*** Begin section ***

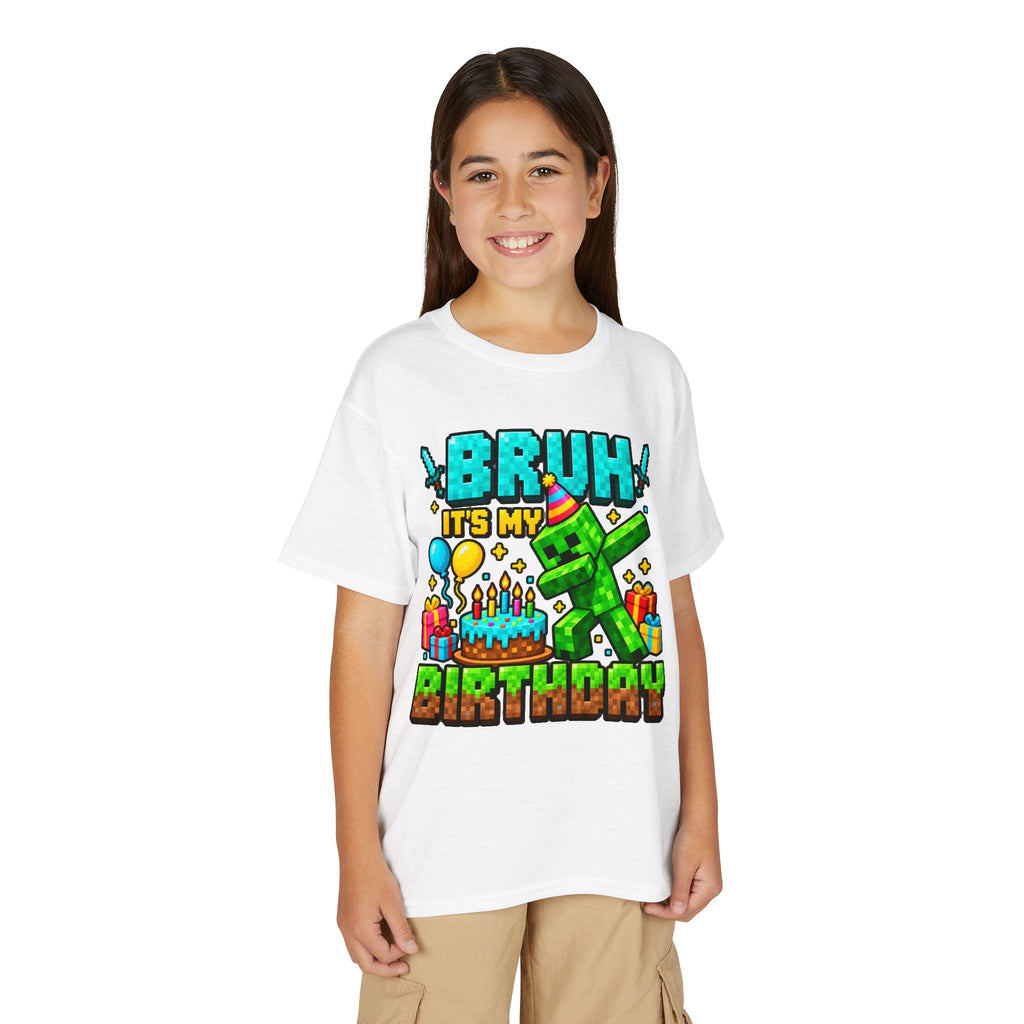 Bruh It’s My Birthday Youth T-Shirt – Pixel Gaming Birthday Shirt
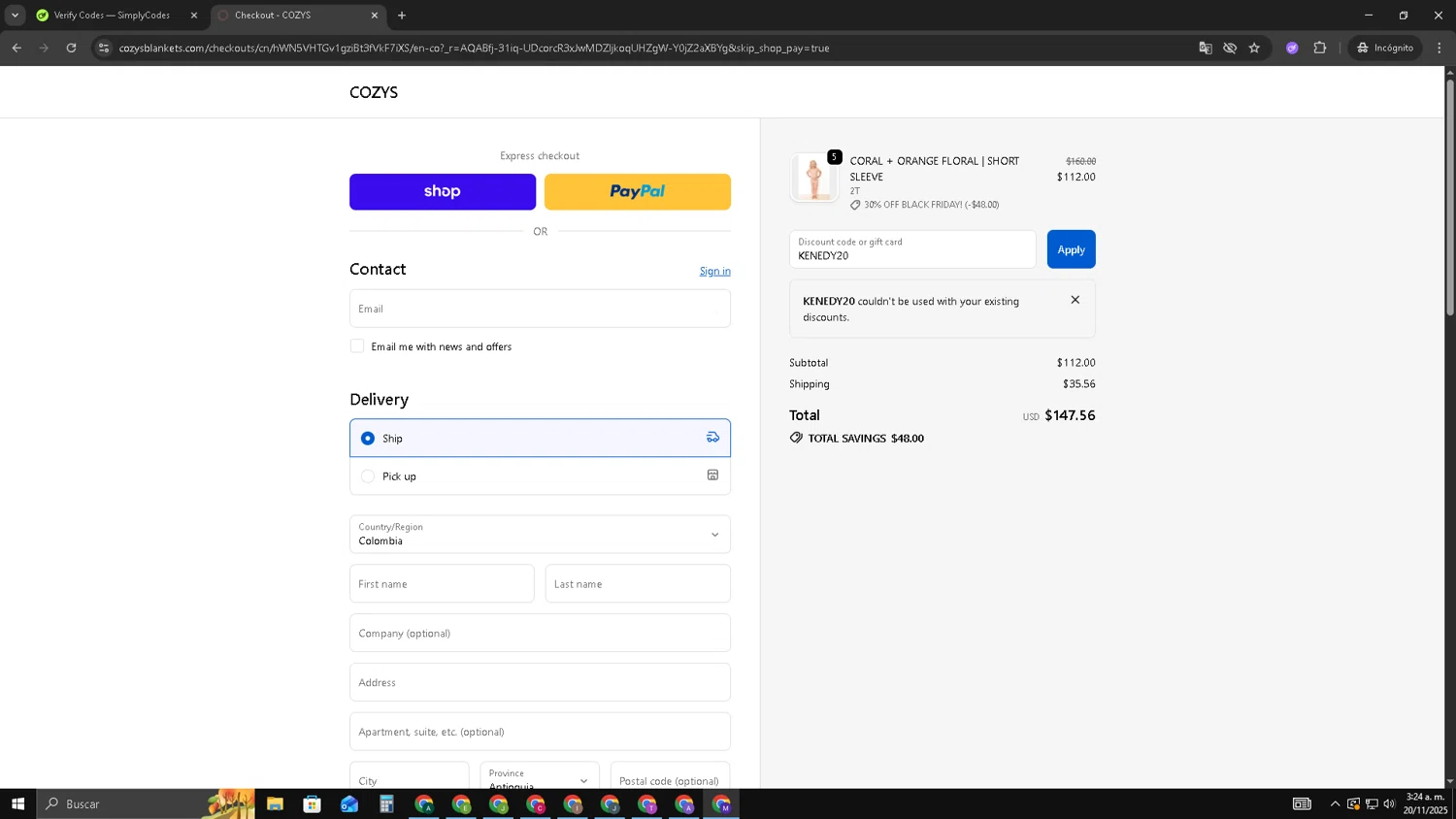 Cozys Blankets discount code screenshot showing code KENEDY20 applied at Cozys Blankets checkout page. Uploaded by SimplyCodes community member CRF250CC on Nov 20, 2025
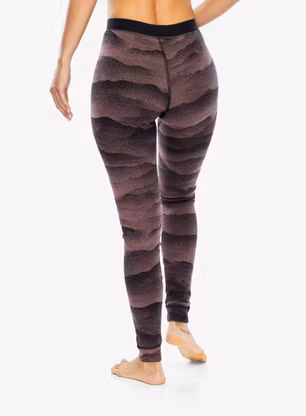 Termo legíny dámské Odlo Merino Ridgelines BL Bottom Long - fudge/black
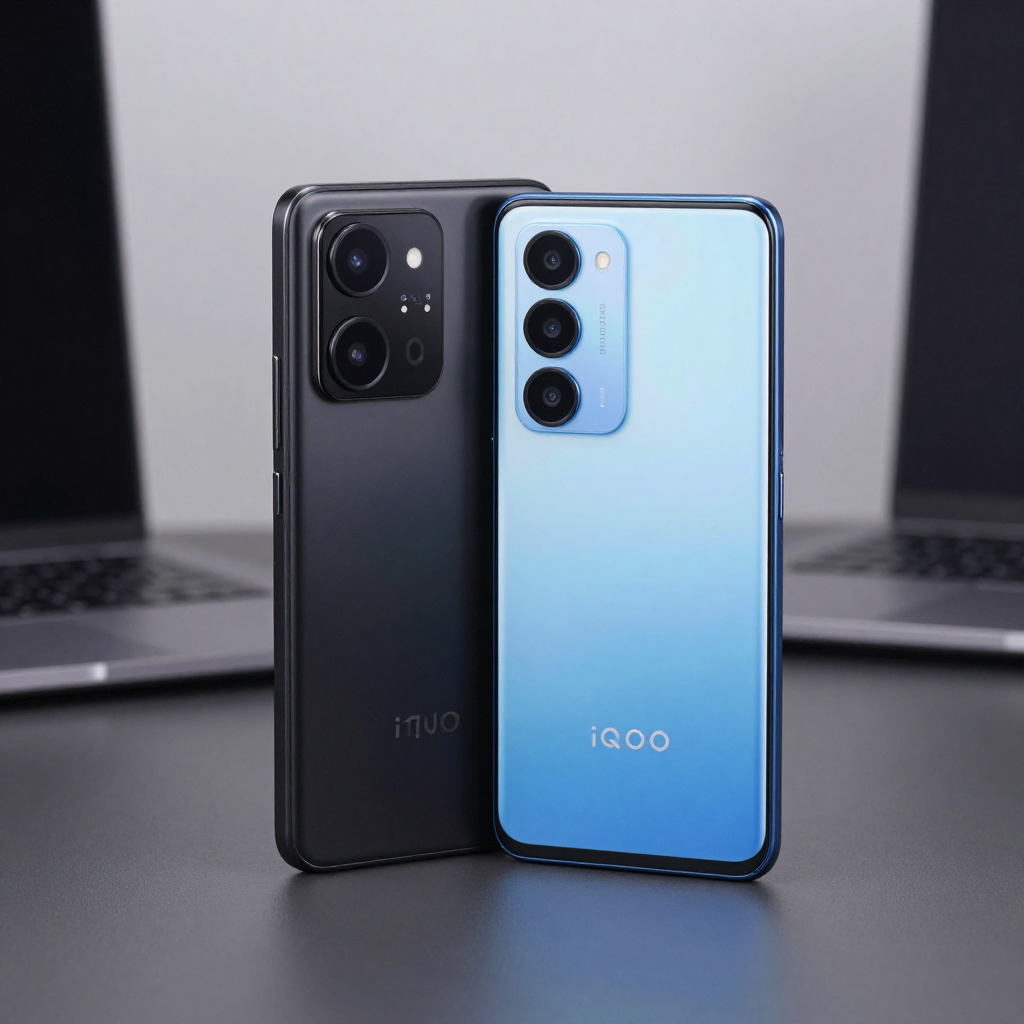 Redmi Note 系列与 iQOO Z 系列外观对比展示，突出轻薄机身与屏幕细节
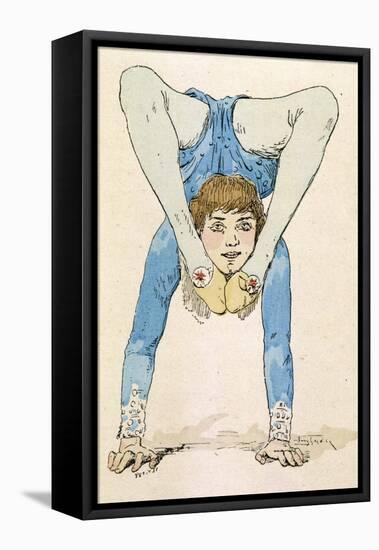 Female Acrobat Seen from the Front Balances on Her Hands-Jules Garnier-Framed Stretched Canvas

*** End section ***

What is being asked:
Repeat the records above exactly, without any pictures.

Task response:
 Bruh It’s My Birthday Youth T-Shirt – Pixel Gaming Birthday Shirt
 Cozys Blankets discount code screenshot showing code KENEDY20 applied at Cozys Blankets checkout page. Uploaded by SimplyCodes community member CRF250CC on Nov 20, 2025
 Termo legíny dámské Odlo Merino Ridgelines BL Bottom Long - fudge/black
 Redmi Note 系列与 iQOO Z 系列外观对比展示，突出轻薄机身与屏幕细节
 Female Acrobat Seen from the Front Balances on Her Hands-Jules Garnier-Framed Stretched Canvas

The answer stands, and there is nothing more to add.